Chronic Lyme Disease is a condition without clear or consistent definition, and therefore is frequently a non-specific diagnosis. It is a term used by a few clinicians to describe a variety of symptoms that range from constitutional, musculoskeletal or neuropsychiatric.
Lyme Disease is a well-described and researched bacterial infection due to the spirochete, Borrelia burgdorferi, transmitted by the bite of a deer tick, Ixodes scapularis. Early in the disease (3 -30 days) symptoms include fever, headache, fatigue, and a rash (erythema migrans). Untreated, the infection can spread to joints, nervous system and heart manifesting as severe headaches and neck stiffness, joint pain and swelling particularly in the knees, facial palsy, palpitations, shooting pains and memory difficulty (especially short term)
Diagnosis is usually made based upon clinical history including exposure to tick bite, characteristic signs and symptoms, particularly the rash, and confirmed by serologic testing using a two step process. First, either an immunoassay or immunofluorescence test is performed, if positive or indeterminate, a Western blot test is performed. If the symptoms are acute (less than 30 days), both IgM and IgG Western blots are performed. If greater than 30 days, only the IgG is performed.

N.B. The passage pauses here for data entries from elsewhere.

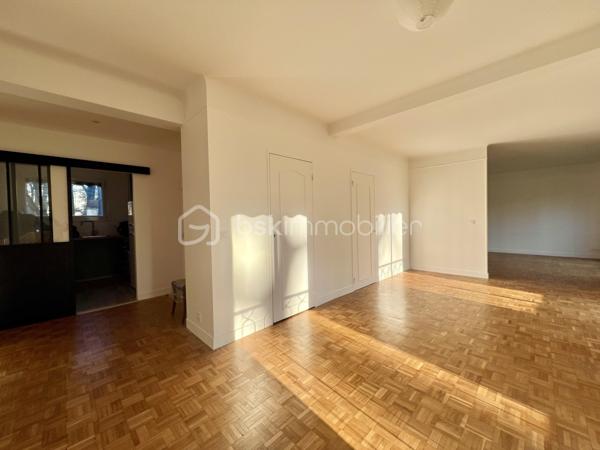 *** SOUS OFFRE ***
ALLEE DU SAPIN BLEU - Résidence du Monastère - VILLE D'AVRAY
*** SOUS OFFRE ***
Beau T4, 3 chambres (possibilité T5) traversant de 108,9 m2 carrez, entièrement rénové.
LUMINEUX, TRES CALME, au 1er étage sur 5 sans ascenseur d'une belle copropriété sécurisée, bien entretenue et arborée.
Salon de 25 m2 avec placards intégrés et une salle à manger de 18 m2 environ (pouvant devenir une 4ème chambre)
Une cuisine de 7m2 aménagée et équipée (possibilité d'ouvrir la cuisine)

Espace nuit : un palier dessert 2 chambres de 14. et 15 m2 (dont une avec placards intégrés) orientées sud-est
Une salle de bain de plus de 6m2 avec baignoire, double vasque et sèche serviettes.
Une chambre de 11 m2, exposée Nord-Ouest.
Toilettes séparées.

Parquet massif d'origine poncé et vitrifié. Double vitrage PVC, électricité refaite, DPE D (pas de travaux à prévoir)

Une cave de 5,2 m2 complète le bien. Place de parking en libre accès au pied de l'immeuble.

*** En fin d'annonce : 3 photos générées en IA pour donner une idée d'aménagement potentiel

Eau chaude, eau froide et chauffage sont collectifs, 2 gardiens et entretien des jardins compris dans les charges
Réfection des parties communes achevée, aucune procédure en AG

Proche écoles, groupes scolaires, parcs, les étangs de Ville d'Avray
La résidence est en lisière de forêt menant à Versailles
Train gare de Sèvres à 20 minutes à pied
Bus 469 et 426. Train ligne L et U (12 min de La Défense)

N'hésitez pas à me contacter pour davantage d'informations/photos et/ou pour programmer une visite ensemble 7j/7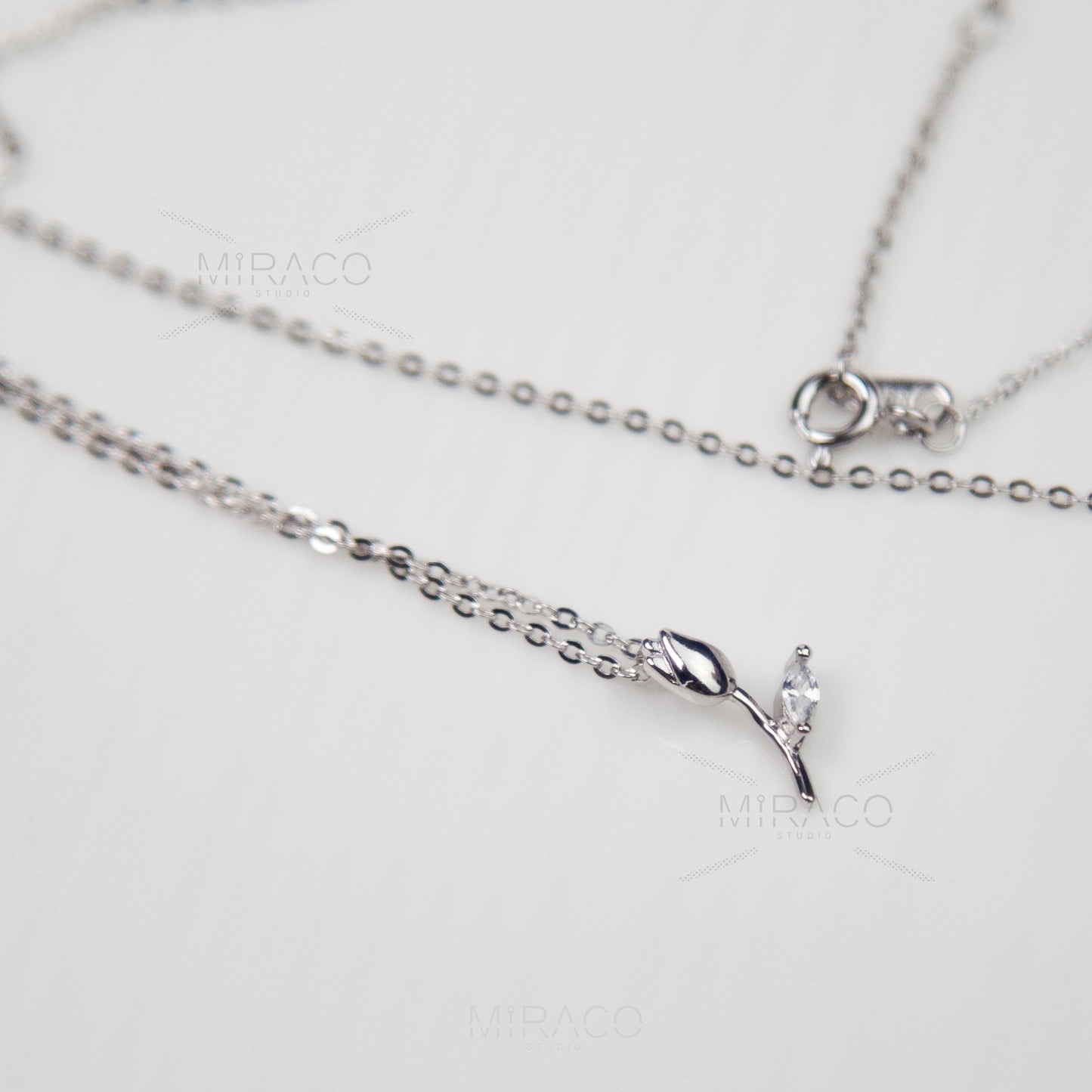 Dainty CZ Tulip Necklace, Rose Flower Minimalist Plant Necklace, Rose Pendant Gold Tulip Necklace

IDSA has developed treatment guidelines for confirmed Lyme Disease. Preferred regimens include doxycycline, amoxicillin or cefuroxime for 14-21 days. Alternatively, ceftriaxone IM or selected macrolides may be used. If severe or neurologic symptoms, consider using parental therapy. Late disease can be treated with similar regimens extended up to 28 days. Of note, IDSA has recommended against the following:
- Combination antimicrobial therapy
- Multiple repeated courses of antibiotics
- Empiric treatment in the absence of confirmed diagnosis
- Use of immunoglobulin
Do long-term antibiotics help in chronic Lyme Disease? Overwhelmingly, the evidence is NO. And in fact, use of long-term antibiotics can be associated with its own set of complications including C.diff infection, paraspinal abscess, osteomyelitis and septic shock.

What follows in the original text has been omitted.